■ **What is required**:
Below are entries; repeat exactly, and nothing else, the lines from the one holding "Naturoz Anjeer Popular 250 g" through the one holding "BOITE A VITESSE", inclusive. Leave the pictures out.

■ **Pictures with short captions**:
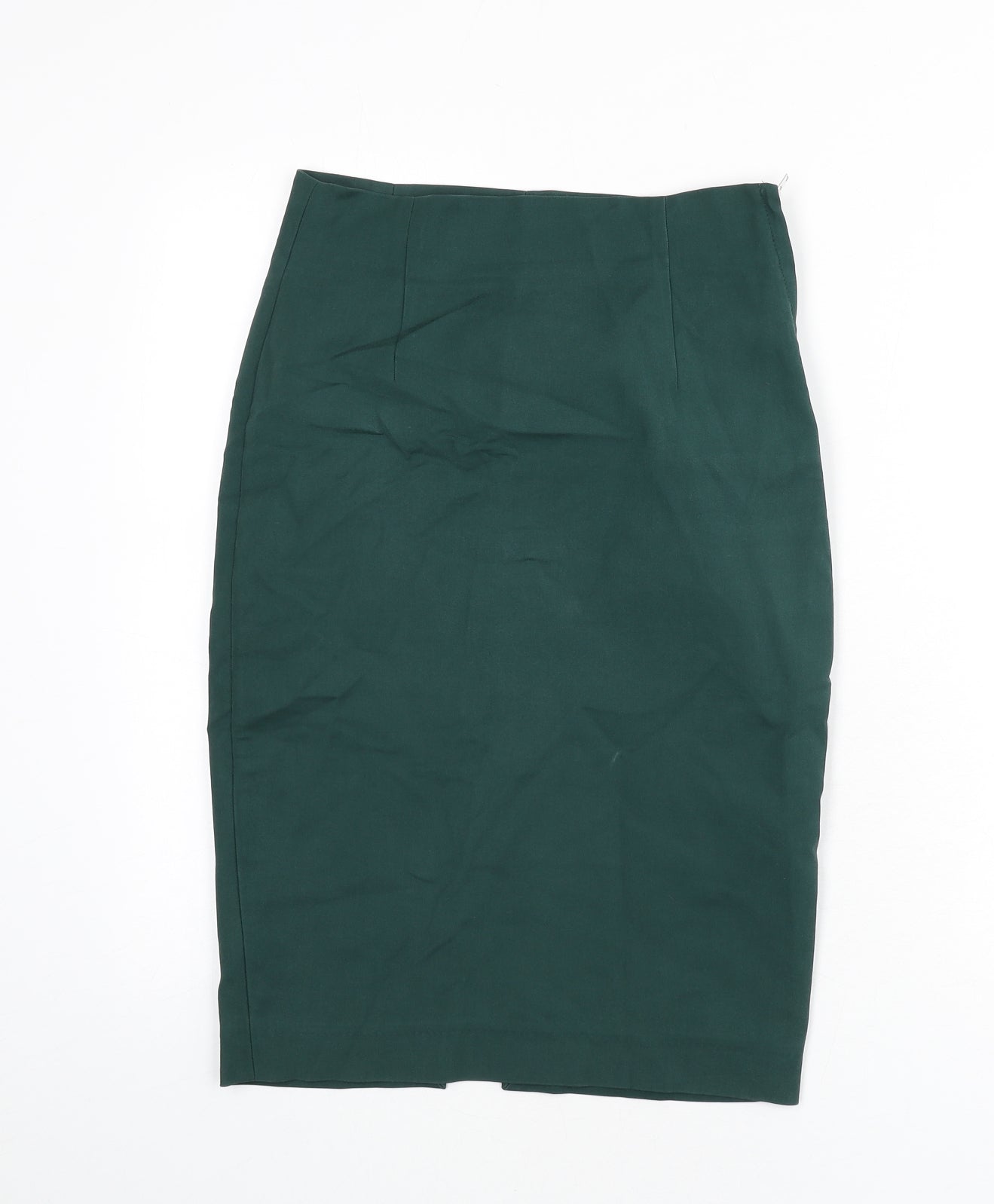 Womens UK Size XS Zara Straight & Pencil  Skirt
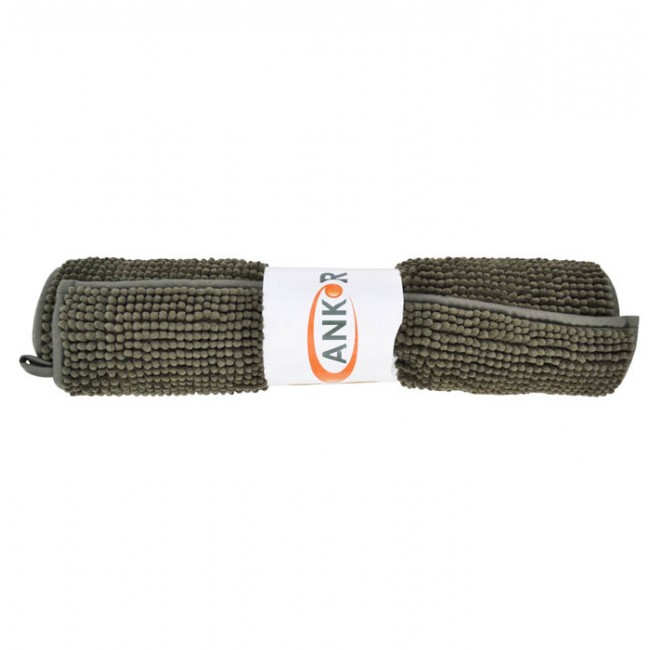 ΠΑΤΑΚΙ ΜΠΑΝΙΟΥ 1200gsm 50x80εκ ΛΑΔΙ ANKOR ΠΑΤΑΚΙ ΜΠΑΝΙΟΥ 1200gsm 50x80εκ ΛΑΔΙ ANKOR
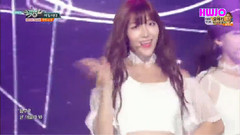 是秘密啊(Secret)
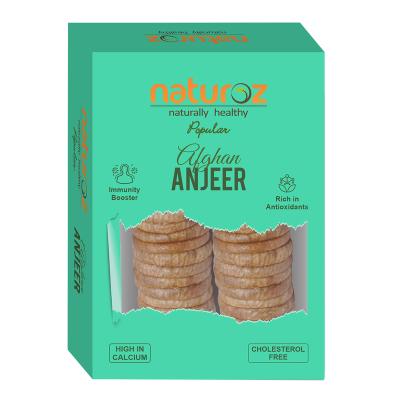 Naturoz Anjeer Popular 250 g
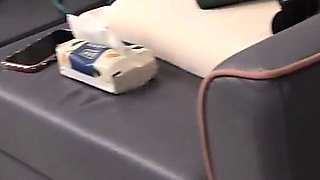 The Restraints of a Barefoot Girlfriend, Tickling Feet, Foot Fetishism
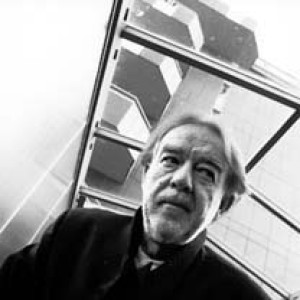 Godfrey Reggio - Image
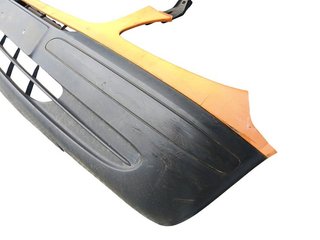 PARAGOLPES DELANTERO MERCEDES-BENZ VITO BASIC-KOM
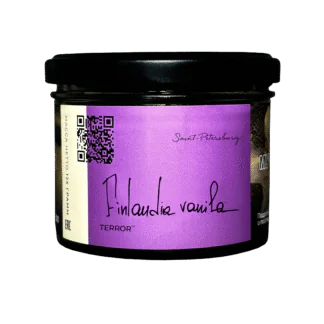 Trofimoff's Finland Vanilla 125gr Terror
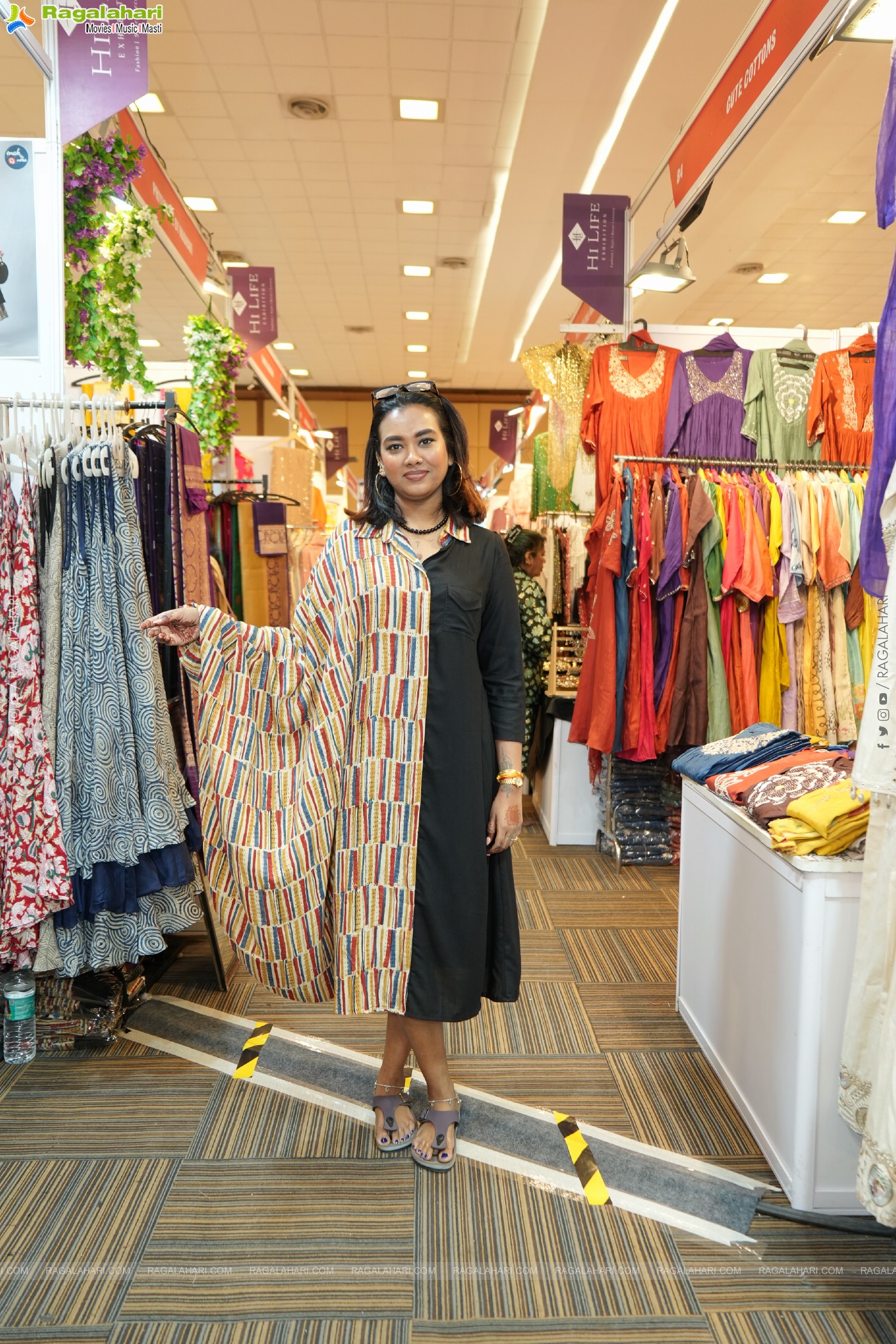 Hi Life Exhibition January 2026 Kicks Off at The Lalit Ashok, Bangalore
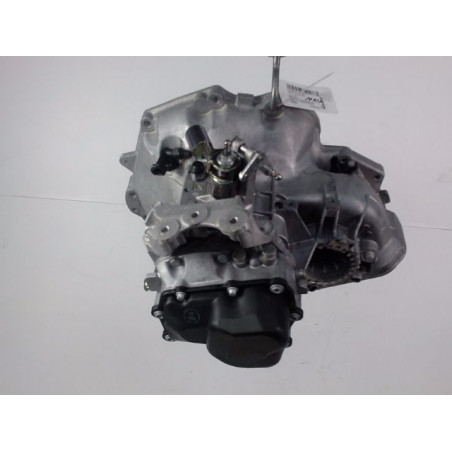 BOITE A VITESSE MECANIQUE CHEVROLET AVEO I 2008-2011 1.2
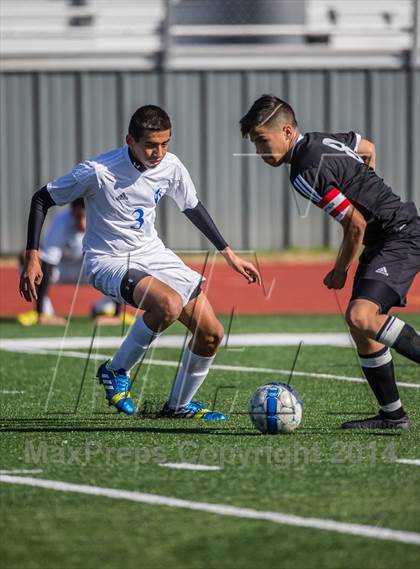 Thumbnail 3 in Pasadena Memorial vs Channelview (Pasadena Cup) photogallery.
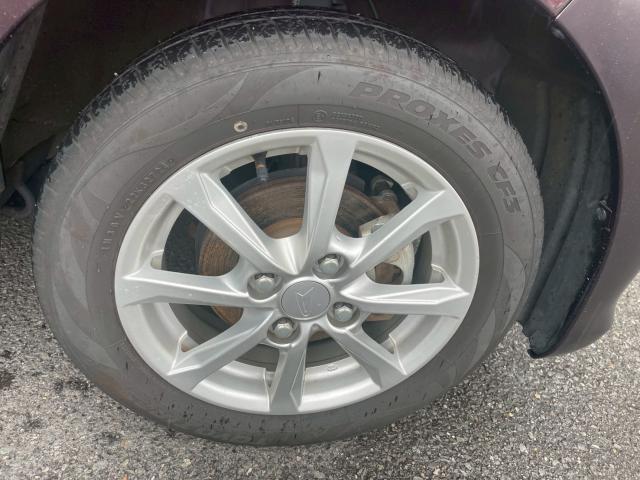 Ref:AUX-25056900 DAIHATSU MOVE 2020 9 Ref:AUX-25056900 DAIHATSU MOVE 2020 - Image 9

■ **Answer to this task**:
 Naturoz Anjeer Popular 250 g
 The Restraints of a Barefoot Girlfriend, Tickling Feet, Foot Fetishism
 Godfrey Reggio - Image
 PARAGOLPES DELANTERO MERCEDES-BENZ VITO BASIC-KOM
 Trofimoff's Finland Vanilla 125gr Terror
 Hi Life Exhibition January 2026 Kicks Off at The Lalit Ashok, Bangalore
 BOITE A VITESSE MECANIQUE CHEVROLET AVEO I 2008-2011 1.2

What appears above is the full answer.